Sunday, April 28, 2013

The simmered tender duck breast

I love duck meats!
The one is very tasty and smells really good.
Especially breasts are best!

They become stiff by normally cook way.
However I know how to soften.

It's way will continue to very slowly heating up over time in low temperature sauce.
Heating up over five hours in my case.

With mustard and horseradish please. :)
 
It is called "duck chashao" in Japan.
 
Chashao is Chinese.
The original meaning is "roasted pork".

Friday, March 29, 2013

Pastamen

Do you know Japanese noodle?
It is called "ramen".

Nowadays, ramen was be national food in Japan.
So it is important that Japanese can eat ramen in overseas.
But, I don't quite meet the delicious ramen because the delicious fresh noodle is nothing!

Someday, I found to making the delicious noodles in easily.
It use pasta for making the ramen.

How to make is very easy!
Boil the pasta with two cups of tbsp baking soda.
Pasta becomes smell like ramen by it. Smells is very important!
Ramen is simple and delicious.
I heard the one has been in vogue in North America.
I'm glad if there is a ramen shop to make the decent and delicious.

Thursday, March 14, 2013

The home cooking

Today, I'd like to introduce home cooking from old times.
Japanese grandma often made it.
It's nostalgic taste for Japanese.

"Simmered squid and white radish"

It's taste is simple but very good.
I'm gonna serve it at this weekend in Sushi King.

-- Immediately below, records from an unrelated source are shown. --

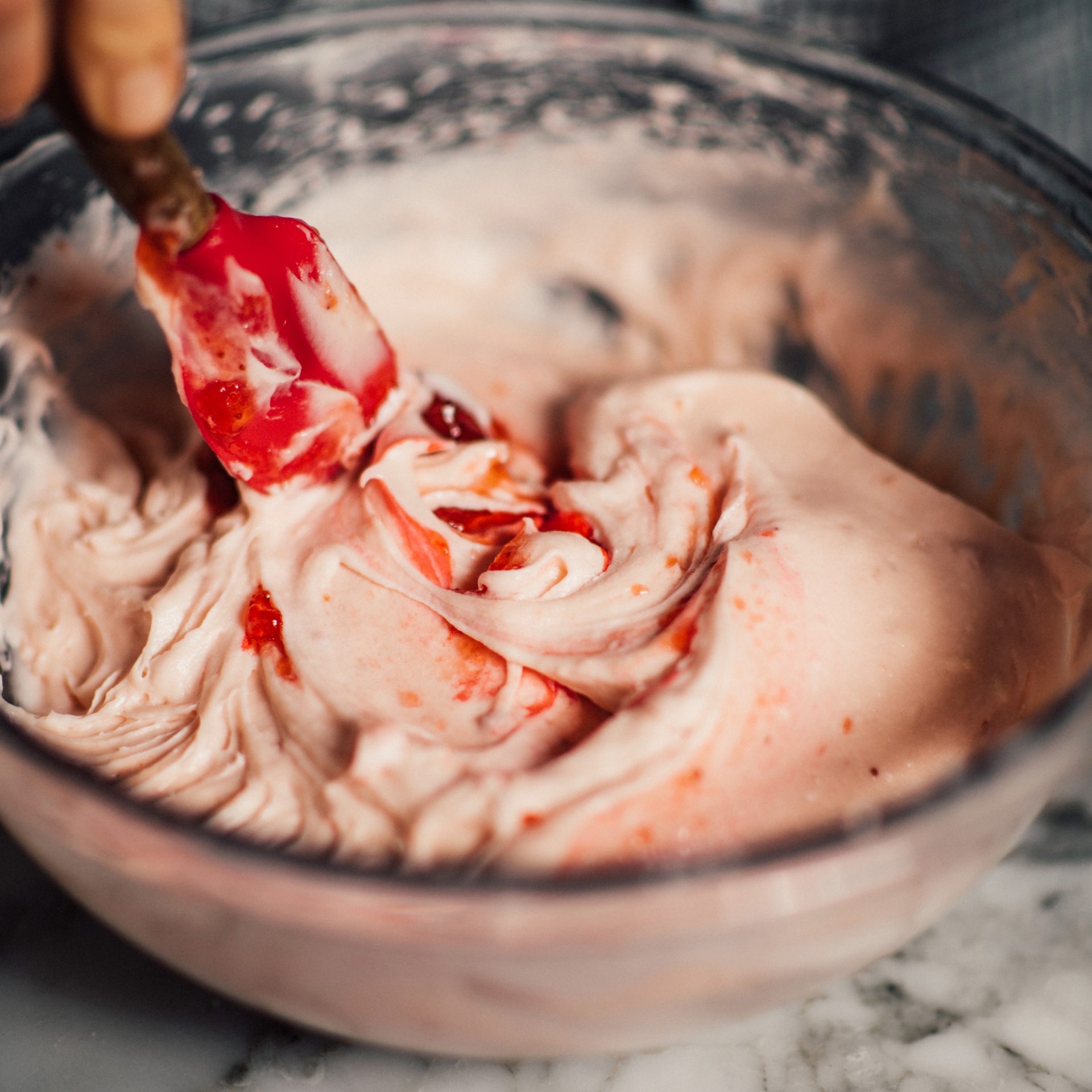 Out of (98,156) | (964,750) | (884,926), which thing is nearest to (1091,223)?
(964,750)

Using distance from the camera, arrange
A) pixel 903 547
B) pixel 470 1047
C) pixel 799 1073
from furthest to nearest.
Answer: pixel 903 547, pixel 799 1073, pixel 470 1047

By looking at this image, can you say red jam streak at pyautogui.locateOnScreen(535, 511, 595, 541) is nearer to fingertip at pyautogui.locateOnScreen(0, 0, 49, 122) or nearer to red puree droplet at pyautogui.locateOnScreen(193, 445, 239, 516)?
red puree droplet at pyautogui.locateOnScreen(193, 445, 239, 516)

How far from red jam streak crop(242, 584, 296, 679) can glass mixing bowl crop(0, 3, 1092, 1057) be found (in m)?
0.22

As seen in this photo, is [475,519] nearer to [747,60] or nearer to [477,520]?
[477,520]

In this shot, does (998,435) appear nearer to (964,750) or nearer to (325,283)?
(964,750)

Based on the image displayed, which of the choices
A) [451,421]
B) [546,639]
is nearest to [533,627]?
[546,639]

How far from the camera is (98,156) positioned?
682 mm

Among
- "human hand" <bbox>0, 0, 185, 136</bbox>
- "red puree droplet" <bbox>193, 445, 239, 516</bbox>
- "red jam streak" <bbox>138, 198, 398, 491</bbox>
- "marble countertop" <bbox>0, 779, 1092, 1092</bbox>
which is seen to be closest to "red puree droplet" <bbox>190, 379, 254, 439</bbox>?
"red jam streak" <bbox>138, 198, 398, 491</bbox>

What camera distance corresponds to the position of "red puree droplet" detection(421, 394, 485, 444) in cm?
98

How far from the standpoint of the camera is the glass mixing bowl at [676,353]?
0.53 meters

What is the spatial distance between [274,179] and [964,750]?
0.90 metres

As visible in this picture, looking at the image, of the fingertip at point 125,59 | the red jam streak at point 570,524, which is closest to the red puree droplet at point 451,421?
the red jam streak at point 570,524

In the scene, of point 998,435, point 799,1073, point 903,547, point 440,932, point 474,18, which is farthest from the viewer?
point 474,18

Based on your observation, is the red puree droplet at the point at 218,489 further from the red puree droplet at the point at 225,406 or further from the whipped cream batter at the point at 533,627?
the red puree droplet at the point at 225,406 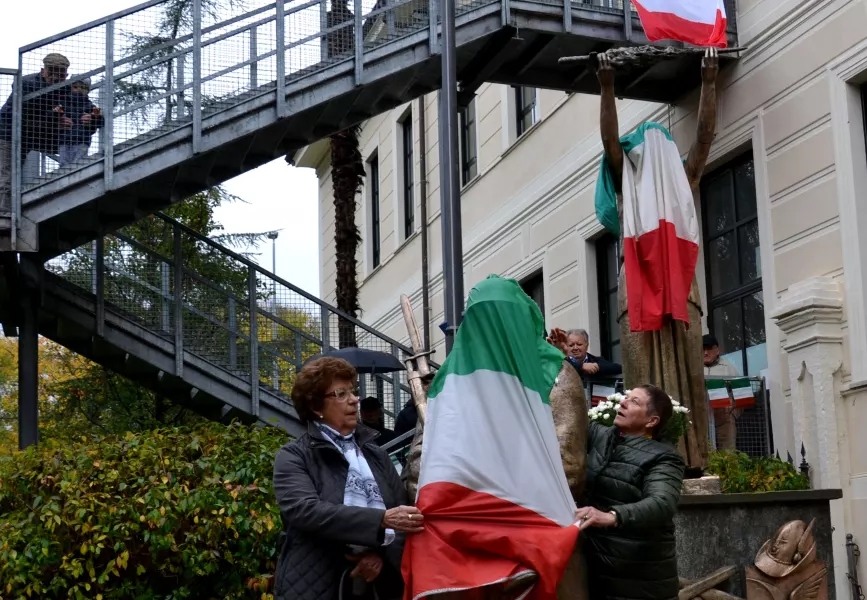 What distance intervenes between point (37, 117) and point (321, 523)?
9120mm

I hope you eat and feel the Japanese traditional food.
And I hope you be to like them...

Wednesday, March 13, 2013

I think No.1 Japanese Restaurant in Winnipeg

It's restaurant name is Yujiro!


To get the fresh seafood is very important for Japanese cuisine.
In Winnipeg can't almost get the fresh seafood.
But can eat similar traditional Japanese food if go to Yujiro.
They can get fresh foodstuff because have the special supplier.

For example...

This is horse sashimi.
Sliced raw horsemeat eaten with grated ginger and soy sauce.

Sometimes, Japanese eat the raw meat not only raw seafood.
That's Japanese culture. lol
You should try if you have interest.

Yujiro:http://yujirowinnipeg.com/

Wednesday, March 6, 2013

Ratatouille

I made ratatouille because I'd like to eat the vegetables.
It is very important to everyone take the vegetables.


Line up neatly eggplant, zucchini, squash and red pepper on the pan.
Then, steamed them for a while.
And, made tomato sauce separately.


Dish up them and ratatouille is completed!
It looks very delicious.
I am praising myself. lol

Tuesday, March 5, 2013

Dengaku!

Dengaku meaning is sweet miso sauce.
It's often used for konjac and eggplant.
Sometimes, konjac is called "devil's tongue".


This time, I made an eggplant dengaku.


Put dengaku on center of the deep fried eggplant.
Then, put sesame and red pepper and the rind of lime on top of the dengaku.

Flavor is juicy and sweet.
It's amazing taste!
And smells like a feel to refresh!

We have to take more vegetables.
Do you like the vegetables?
I like them.

Tuesday, February 26, 2013

The fisherman cuisine

Do you like Japanese food?
I hope so.


Japanese food is seafood mostly cuisines.
I'd like to show you Japanese fisherman cuisine.


This name is "Namero".
It chopped fish with green onion, ginger and miso.
Actually, I wanted to add "shiso" but it's almost not sold in Winnipeg.

Namero is commonly used horse mackerel in Japan.
This time, I used tilapia because Canadian horse mackerel isn't ate raw.

Namero's name origin is "you will want the plate licking sure because very delicious it".
Speaking Japanese "lick" is "nameru".
They are same meaning.

This cuisine and liquors are really good chemistry.
Ahhh...
I have a craving for beer...

Wednesday, February 20, 2013

We decided next special appetizer!

I'd like to introduce of Japanese food today, too.
This is next special appetizer....


This name is "Kinpira".
I don't know name in English.

Carrot and giant radish were fried with soy sauce and sweet sake.
Then added the sesame and red chili pepper.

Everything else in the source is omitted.